Law Firm Pledges Support for Birth Trauma Awareness Day

Birth Trauma Awareness Day 2010

27.08.2010


Clinical negligence specialists from national law firm Irwin Mitchell are backing the Birth Trauma Associations Birth Trauma Awareness Day (BTA Day), which takes place this year on August 21st, for the fourth year running.

Ahead of this year’s BTA Day, Angela Kirtley, clinical negligence specialist at Irwin Mitchell, said: “The Birth Trauma Association is a great source of comfort for those families whose lives have been affected in this way, and Birth Trauma Awareness Day is one of the many ways they draw attention to the devastating impact it can have.

“Traumatic births are far more common than people realise and although the outcomes are varied, they are all deeply distressing for the families involved.

“Our Clinical Negligence Team handles a number of cases involving traumatic births, often where babies have been left stillborn or severely disabled at birth.  In both cases, huge levels of support are required to help people through, not only in dealing with the demands of a disabled child but also negotiating their way through the various organisations who obviously try to provide help but are limited in what they can do by restricted resources.”

BTA Day has also been backed by a Teesside woman who recently succeeded in a legal claim to expose the medical mistakes made that led to the stillbirth of her baby, Jonathan in 2007.

Kendra Chilver, from Billingham, is convinced that her son would be alive today had mistakes not been made by staff at North Tees Hospital during her labour.

Now she and her husband David have secured an apology and settlement from North Tees and Hartlepool NHS Foundation Trust, thanks to the help from the specialist clinical negligence legal team at Irwin Mitchell.

She said: “I was left broken hearted and devastated by my loss – it has been a bewildering three years.  Everyone thinks of pregnancy as a positive outcome, in my case it wasn’t.

“What makes it more distressing is the idea that what happened could have been prevented.
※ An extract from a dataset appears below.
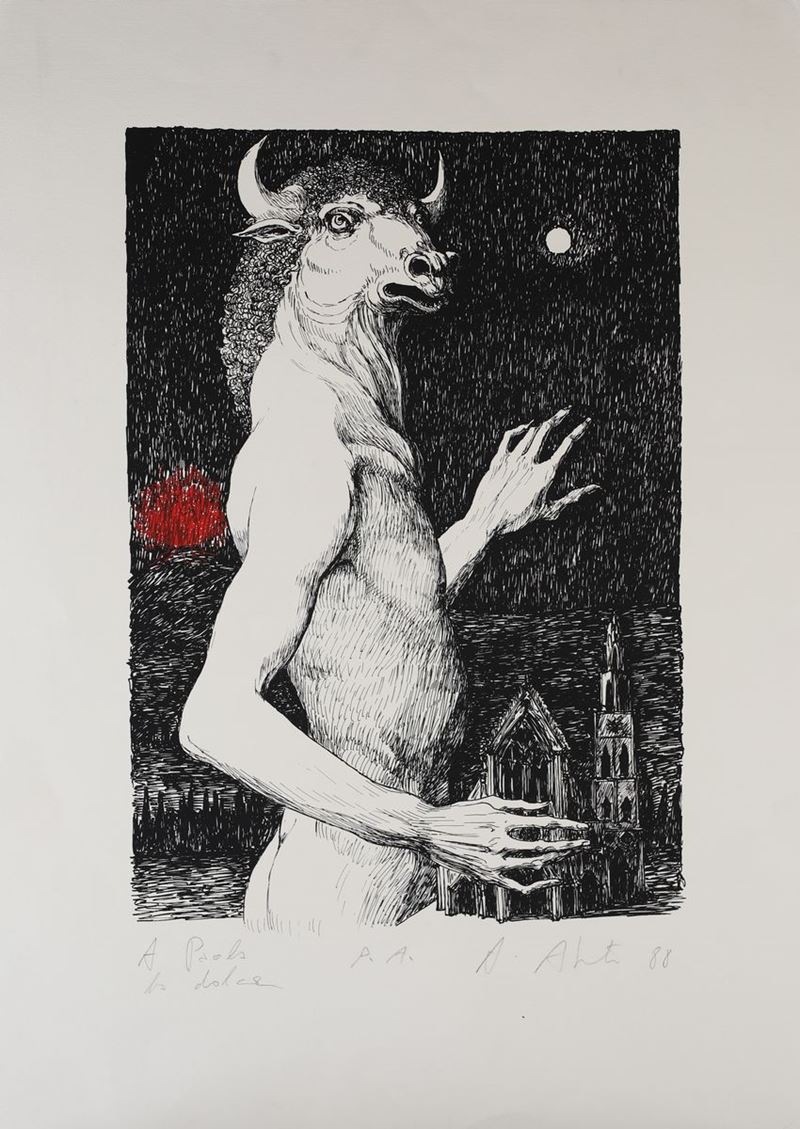 Alberto Abate - Minotauro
David and I aren’t medical experts but we could see something was going badly wrong as Jonathan’s heart rate kept on plummeting – yet it took far too long for a doctor to be called.”

The couple were overjoyed at the birth of their daughter, Jessica in March this year but found the pregnancy and birth extremely stressful, given the ordeal they had experienced with Jonathan. Fortunately on this occasion the care and support they received from the same Trust could not be faulted.  She said: “The important thing for me in my subsequent pregnancy was to be in charge of my medical care, to say what was on my mind and ask for what I needed, whether it was reassurance, information, frequent visits or just to be given the time to discuss my feelings.”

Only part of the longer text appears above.